Speaker: Laura Graf --- Owner/Operator LGI Landscaping LLC, accredited Horticulturist, licensed Nursery Dealer, and PlantRight certified installer (Email: landscapesbylaura1@gmail.com) (Sponsored By: Judy Weitzman)(ID: 1870)
Laura is a talented landscape artist and horticulturist. She is passionate about the very real harm caused by invasive plants in Indiana. Her presentation will teach us how to identify invaders and effectively eliminate them.
Program: Live and Zoom: Invasive Plants in Indiana – The Harm and the Response
Speaker: Laura Graf, accredited horticulturist, licensed nursery dealer, PlantRight certified installer, owner/operator LGI Landscaping LLC, Indianapolis
Introduced By: Judy Weitzman
Attendance: NESC: 107, Zoom: 27
Guest(s): Norma Wallman, Pilar Morera, Pat Lawler, Pat Wolfla, Erica Wilkinsen, Valorie and Mark Degler
Scribe: Alan Schmidt
Editor: Ed Nitka
View a Zoom recording of this talk at: Today's Program 110424
Laura is a talented landscape artist and horticulturist. She is passionate about the genuine harm caused by invasive plants in Indiana.
An invasive plant is a non-native plant that harms the environment, economy, human, animal, or plant health. The Terrestrial Plant Rule (312 IAC 18-3-25) designates 44 species of plants as invasive pests. This rule makes it illegal to sell, gift, barter, exchange, distribute, transport, or introduce these plants in the state of Indiana.
Her presentation taught us how to identify invaders and effectively eliminate them. She focused on four invasive plants currently in Indiana: Asian bush honeysuckle, Bradford/Callery pear tree, burning bush, and wintercreeper Euonymus. The Department of Natural Resources has the full list of 44 invasive species. To identify it, the invasive honeysuckle has a hollow stem. In recent years the burning bushes, that some enjoy in their yards and can still be bought in nurseries, have migrated to other locations such as the edges of woods and along the roads. Bradford pear trees tend to have branches break and the trees split from wind and ice storms. Bradford pear trees can be cut down and the stump treated with a herbicide such as RTU to prevent regeneration.
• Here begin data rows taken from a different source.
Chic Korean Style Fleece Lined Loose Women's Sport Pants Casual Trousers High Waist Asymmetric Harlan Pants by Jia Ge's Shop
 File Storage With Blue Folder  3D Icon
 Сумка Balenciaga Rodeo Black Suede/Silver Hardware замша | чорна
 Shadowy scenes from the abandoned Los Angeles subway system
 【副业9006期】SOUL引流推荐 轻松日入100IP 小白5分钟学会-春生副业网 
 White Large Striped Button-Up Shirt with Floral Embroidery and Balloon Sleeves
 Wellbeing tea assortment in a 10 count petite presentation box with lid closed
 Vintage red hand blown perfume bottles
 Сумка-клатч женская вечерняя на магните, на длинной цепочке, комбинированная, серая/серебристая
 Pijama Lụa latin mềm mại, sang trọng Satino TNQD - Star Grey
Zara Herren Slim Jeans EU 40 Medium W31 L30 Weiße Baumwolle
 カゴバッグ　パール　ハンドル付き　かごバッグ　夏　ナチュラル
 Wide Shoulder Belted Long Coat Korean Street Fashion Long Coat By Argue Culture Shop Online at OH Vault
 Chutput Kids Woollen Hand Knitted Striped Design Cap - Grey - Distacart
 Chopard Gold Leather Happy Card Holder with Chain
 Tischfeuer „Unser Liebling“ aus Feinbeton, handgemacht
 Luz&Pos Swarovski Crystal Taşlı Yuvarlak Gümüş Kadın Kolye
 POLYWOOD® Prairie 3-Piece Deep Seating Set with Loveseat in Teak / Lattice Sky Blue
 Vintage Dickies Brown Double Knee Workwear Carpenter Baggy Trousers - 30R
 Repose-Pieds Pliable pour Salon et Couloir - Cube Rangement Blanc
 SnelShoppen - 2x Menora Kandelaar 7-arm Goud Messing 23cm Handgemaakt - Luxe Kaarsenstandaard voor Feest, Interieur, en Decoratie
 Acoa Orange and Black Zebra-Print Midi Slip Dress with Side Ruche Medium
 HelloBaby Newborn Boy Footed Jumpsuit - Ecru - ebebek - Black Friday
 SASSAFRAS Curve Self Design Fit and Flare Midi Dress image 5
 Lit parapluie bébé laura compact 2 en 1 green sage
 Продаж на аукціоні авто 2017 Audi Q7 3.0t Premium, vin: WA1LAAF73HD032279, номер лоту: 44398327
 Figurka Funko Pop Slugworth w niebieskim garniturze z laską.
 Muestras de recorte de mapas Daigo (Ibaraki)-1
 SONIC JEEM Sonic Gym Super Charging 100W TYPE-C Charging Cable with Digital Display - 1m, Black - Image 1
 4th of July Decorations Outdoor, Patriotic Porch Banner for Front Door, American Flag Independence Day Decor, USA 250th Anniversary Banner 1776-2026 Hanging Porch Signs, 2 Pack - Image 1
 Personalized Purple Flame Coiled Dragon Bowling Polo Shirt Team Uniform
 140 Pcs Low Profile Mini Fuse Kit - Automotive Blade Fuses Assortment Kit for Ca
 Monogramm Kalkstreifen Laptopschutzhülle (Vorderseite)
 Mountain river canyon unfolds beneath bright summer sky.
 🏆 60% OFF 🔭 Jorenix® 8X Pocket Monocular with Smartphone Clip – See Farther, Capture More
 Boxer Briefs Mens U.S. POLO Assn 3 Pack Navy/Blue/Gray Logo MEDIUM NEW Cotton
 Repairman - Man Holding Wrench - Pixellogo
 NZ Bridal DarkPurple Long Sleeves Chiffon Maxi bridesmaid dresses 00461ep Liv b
An invasive species impacts an ecosystem by spreading prolifically and harmfully. It can cause extinction of native plants and trees, reduce biodiversity, compete with native organisms for limited resources, alternative habitats, and can cause soil degradation and erosion.
An alternative to Asian bush honeysuckle is silky dogwood, arrowwood viburnum, and common witch hazel. Alternatives to the Bradford pear are service berry with its tasty berries, dogwood, eastern redbud, and white fringe tree. Burning bush alternatives are red chokeberry, Virginia sweet spire, and oakleaf hydrangea. Wintercreeper alternatives are Christmas fern, common wood sedge, and wild ginger.